ACTIVITY: Where the data below begins, start retyping exactly, and end on the line with "Cross-Legged Chair,No Wheels", which is included; no picture goes in.

[Stored entries]
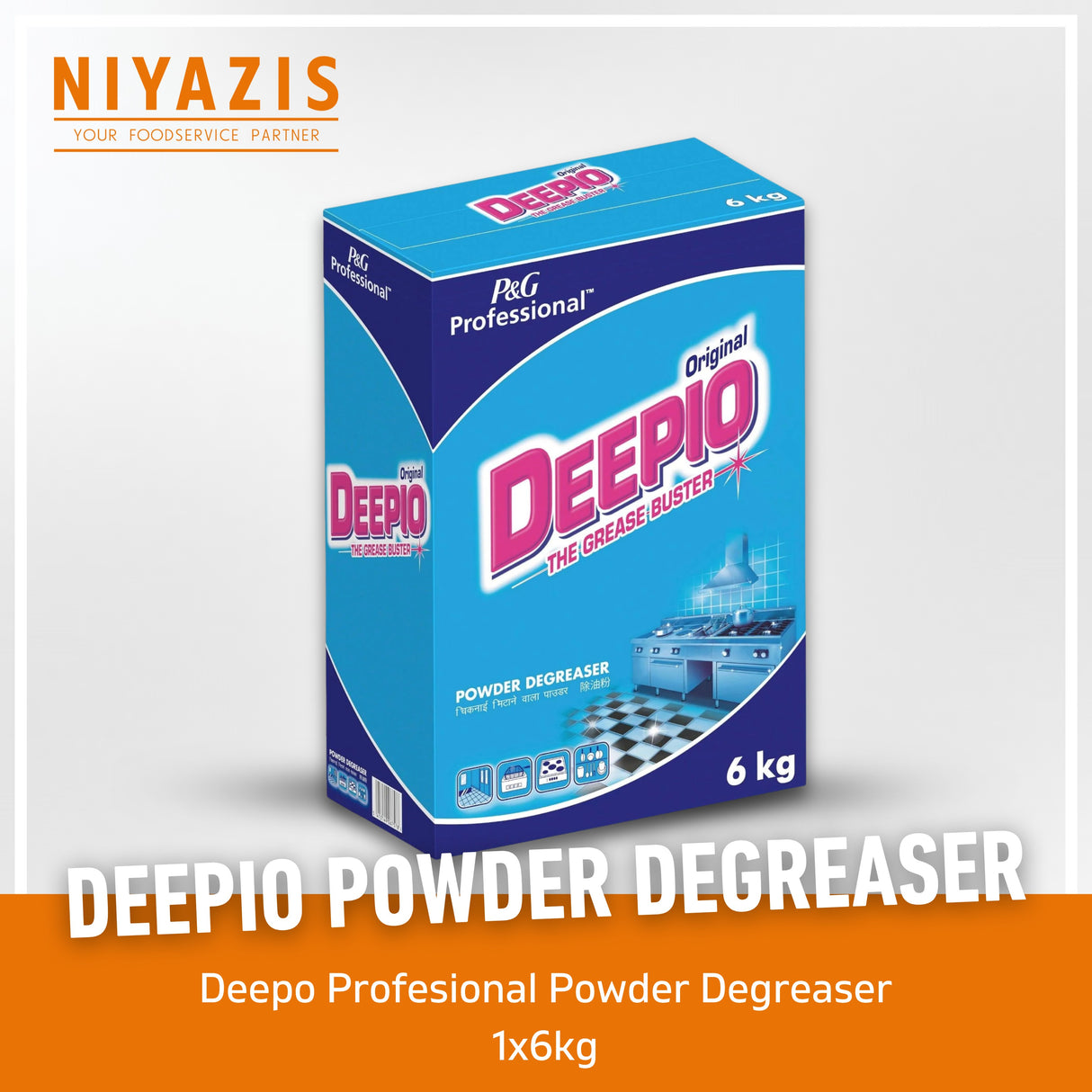 DEEPIO POWDER DEGREASER 1X6KG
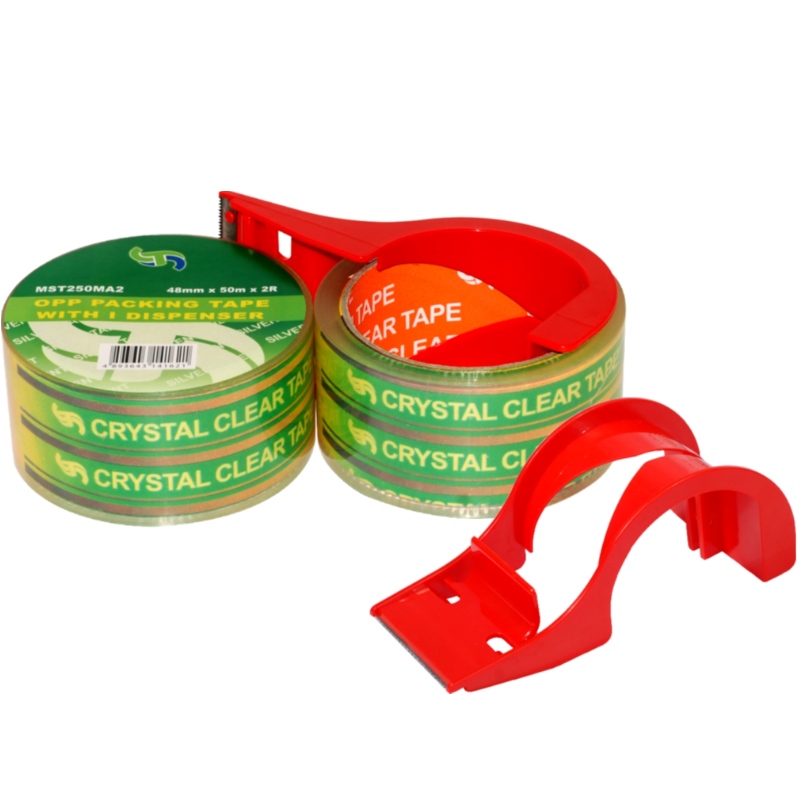 Super/crystal Clear -liimapakkausteippi annostelijan kanssa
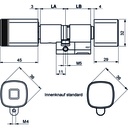 CYLINDRE DIGITAL DORMAKABA EVOLO RZ 1535-K6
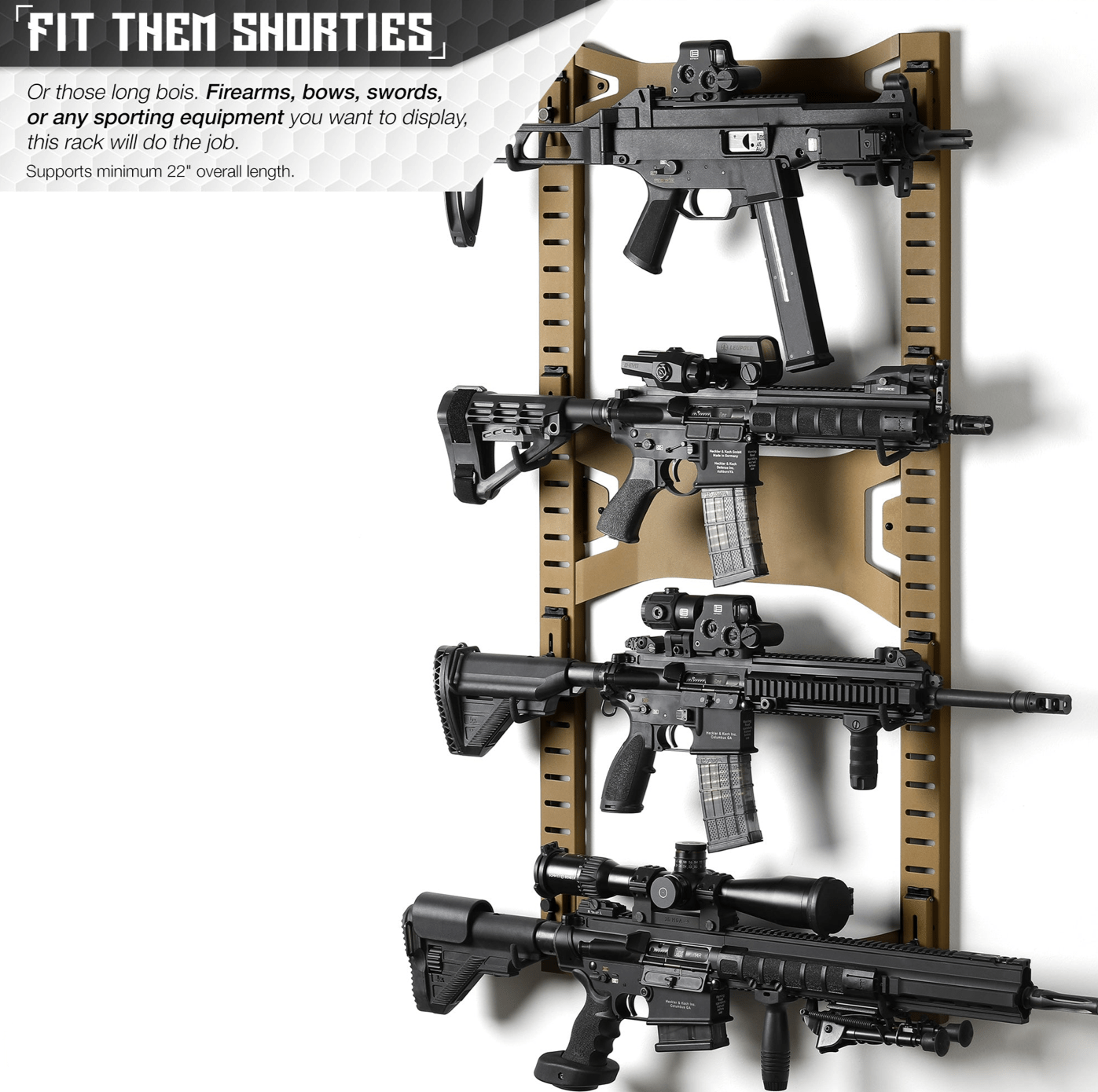 Horizontal Wall Rack - PhishStones Products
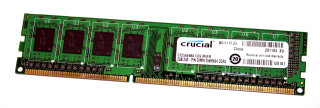 2 GB DDR3-RAM 240-pin PC3-10600U non-ECC CL9  Crucial CT25664BA1339.M8FR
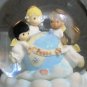 CHRISTMAS 2000 SNOW GLOBE MUSIC BOX ENESCO 'I'D LIKE TO TEACH THE WORLD TO SING'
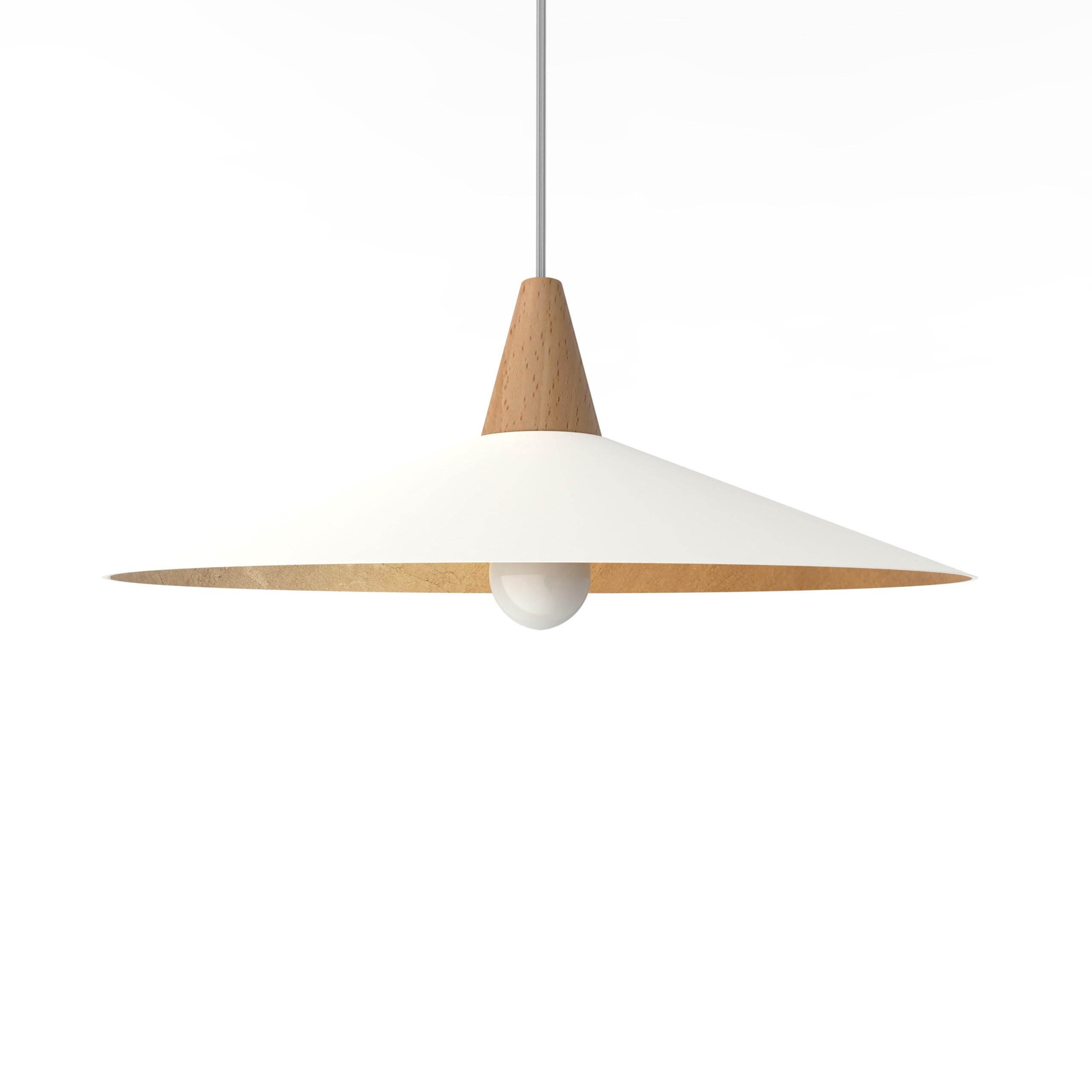 HÄNGELEUCHTE - Goldfarben, Metall (40/40/15cm) - Lumicom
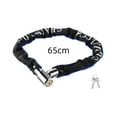 Chain Lock Bike Lock Heavy Duty Cut Resistance Chain Lock With 2 Keys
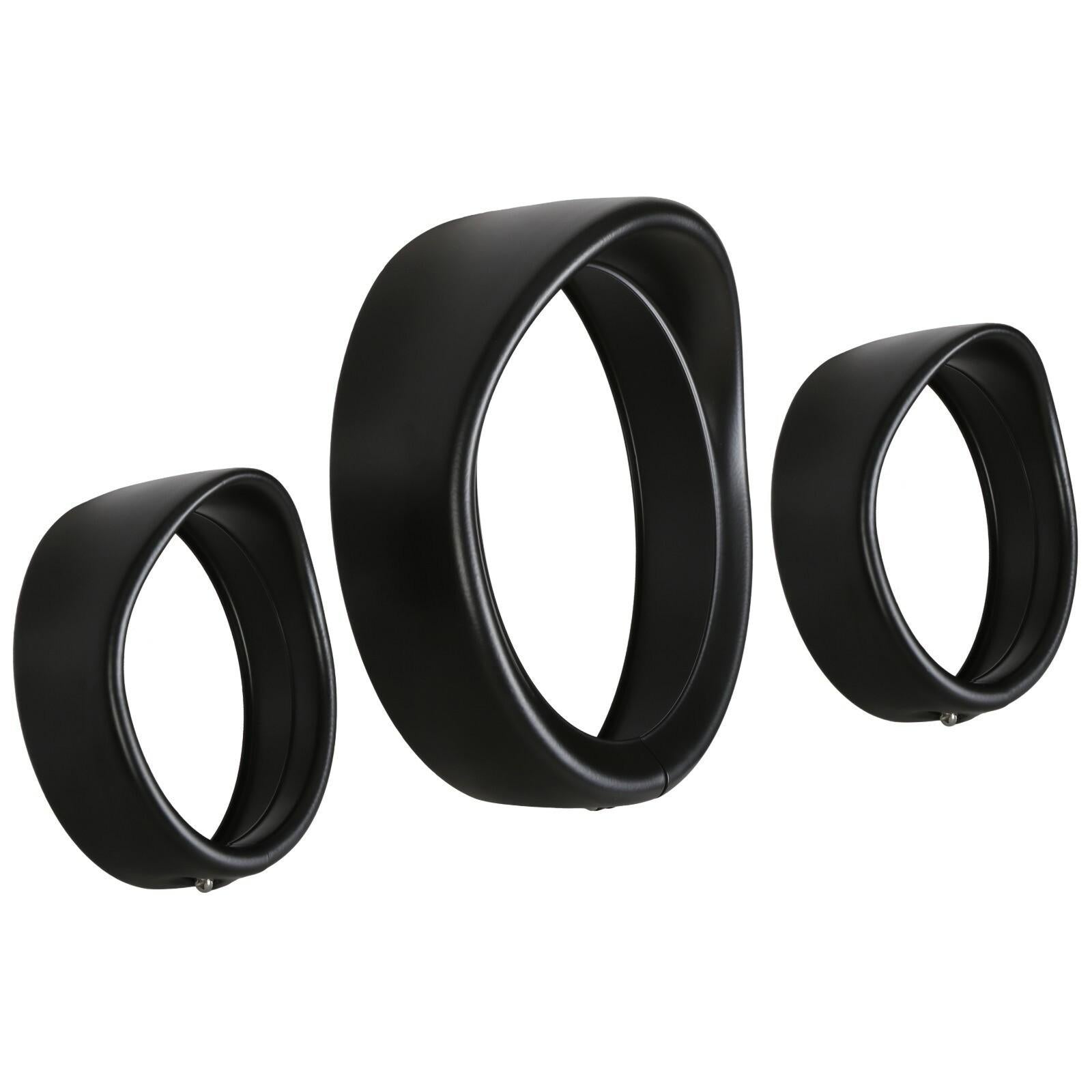 7" Headlight 4.5" Fog Lamp Visor Trim Ring Bezel For Harley Touring Softail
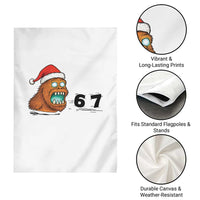 67 Six Seven Garden Flag Funny Bigfoot Christmas - Wonder Print Shop
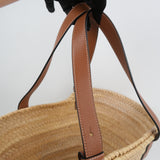 Loewe Raffia Basket Tote Bag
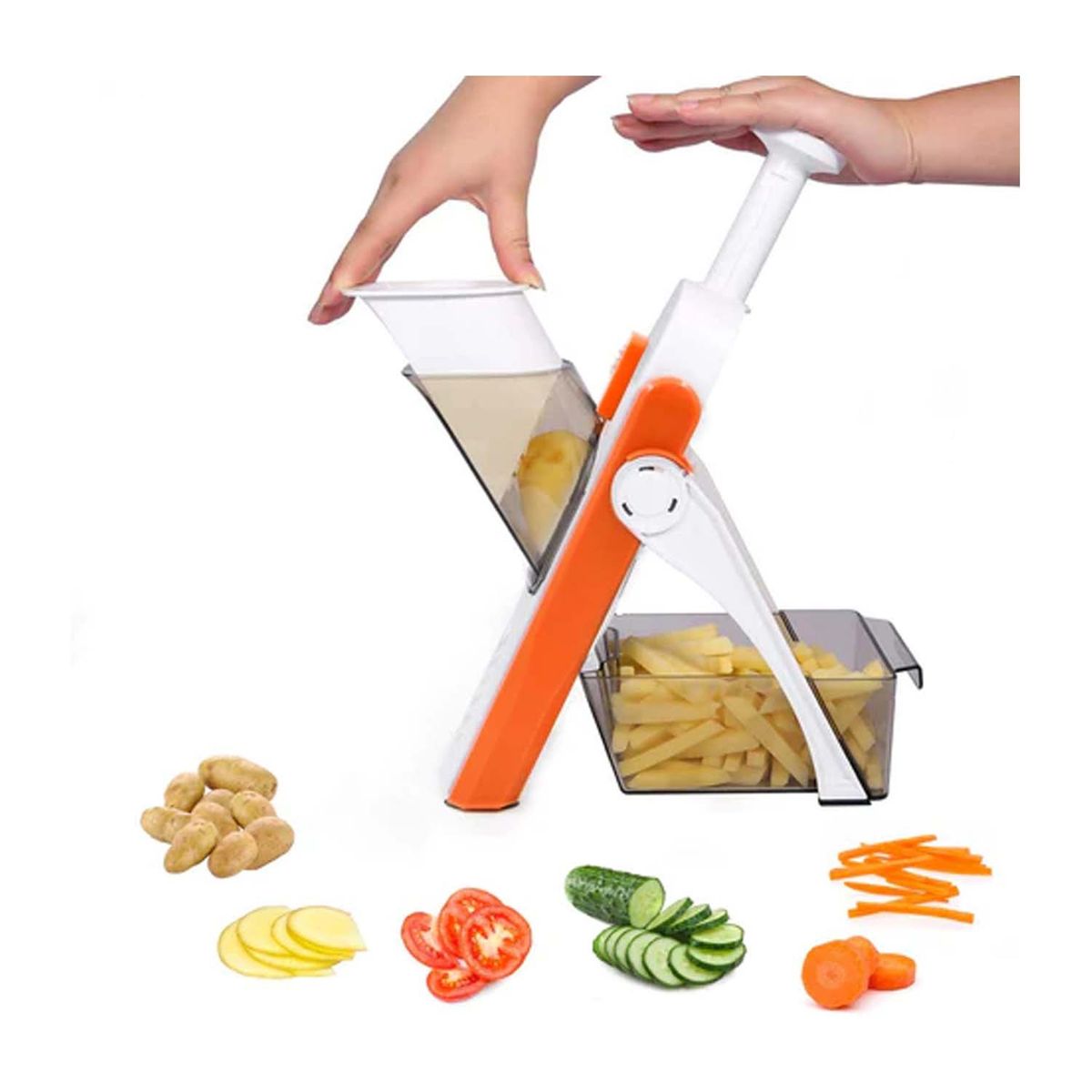 GENERICO - MANDOLINA CORTADOR RALLADOR DE VERDURAS COLADOR BOWL COCINA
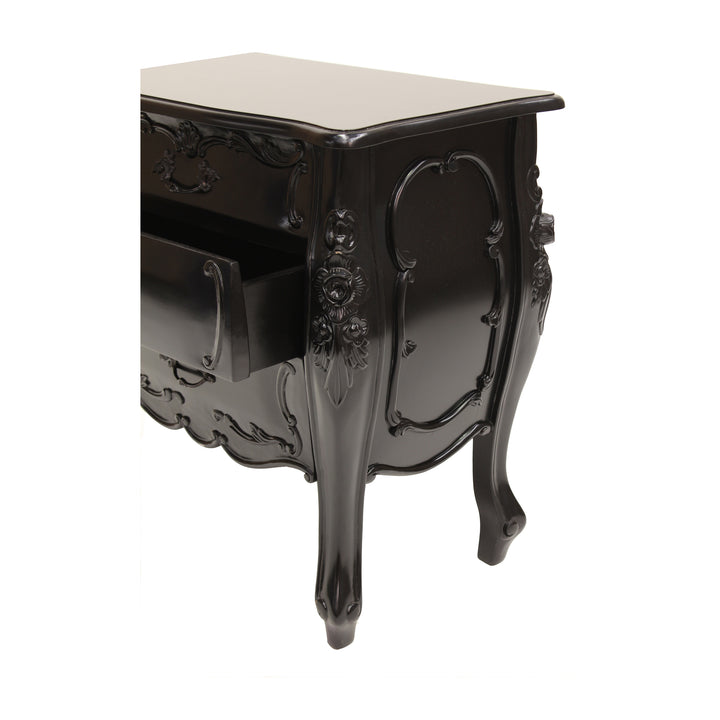 Rococo Bedside - Three Drawer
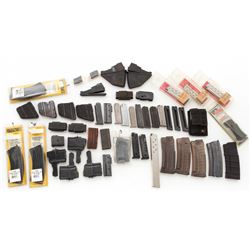 Lot of 48 Rifle & Pistol Magazines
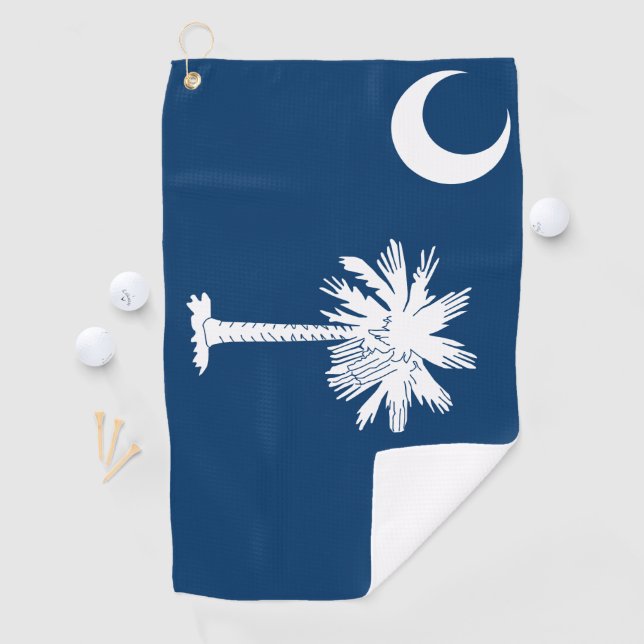 South Carolina Flag Golfhandtuch (Insitu)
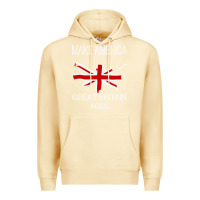 Pina Colada make america great britain again funny uk us Premium Hoodie - linhVisuals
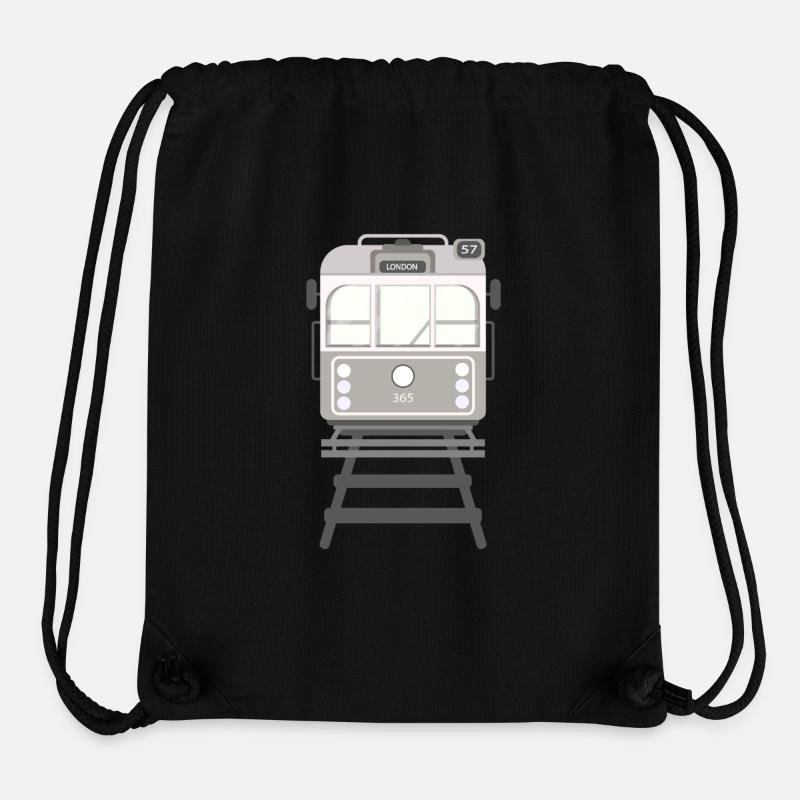 Tram, tram - Stanley/Stella Recycled Gym Bag - black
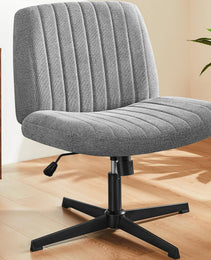 Cross-Legged Chair,No Wheels Armless Swivel Home Office Chair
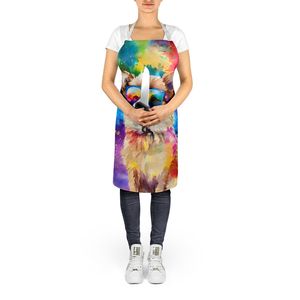 Delantal Unisex grande Multicolor Pomerania Hippie Dawg para cocinar manualidades para hornear jardinería-para adultos hombres y mujeres - Product Image 5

RESPONSE BELOW:
 DEEPIO POWDER DEGREASER 1X6KG
 Super/crystal Clear -liimapakkausteippi annostelijan kanssa
 CYLINDRE DIGITAL DORMAKABA EVOLO RZ 1535-K6
 Horizontal Wall Rack - PhishStones Products
 2 GB DDR3-RAM 240-pin PC3-10600U non-ECC CL9  Crucial CT25664BA1339.M8FR
 CHRISTMAS 2000 SNOW GLOBE MUSIC BOX ENESCO 'I'D LIKE TO TEACH THE WORLD TO SING'
 HÄNGELEUCHTE - Goldfarben, Metall (40/40/15cm) - Lumicom
 Chain Lock Bike Lock Heavy Duty Cut Resistance Chain Lock With 2 Keys
 7" Headlight 4.5" Fog Lamp Visor Trim Ring Bezel For Harley Touring Softail
 67 Six Seven Garden Flag Funny Bigfoot Christmas - Wonder Print Shop
 Loewe Raffia Basket Tote Bag
 GENERICO - MANDOLINA CORTADOR RALLADOR DE VERDURAS COLADOR BOWL COCINA
 Rococo Bedside - Three Drawer
 Lot of 48 Rifle & Pistol Magazines
 South Carolina Flag Golfhandtuch (Insitu)
 Pina Colada make america great britain again funny uk us Premium Hoodie - linhVisuals
 Tram, tram - Stanley/Stella Recycled Gym Bag - black
 Cross-Legged Chair,No Wheels Armless Swivel Home Office Chair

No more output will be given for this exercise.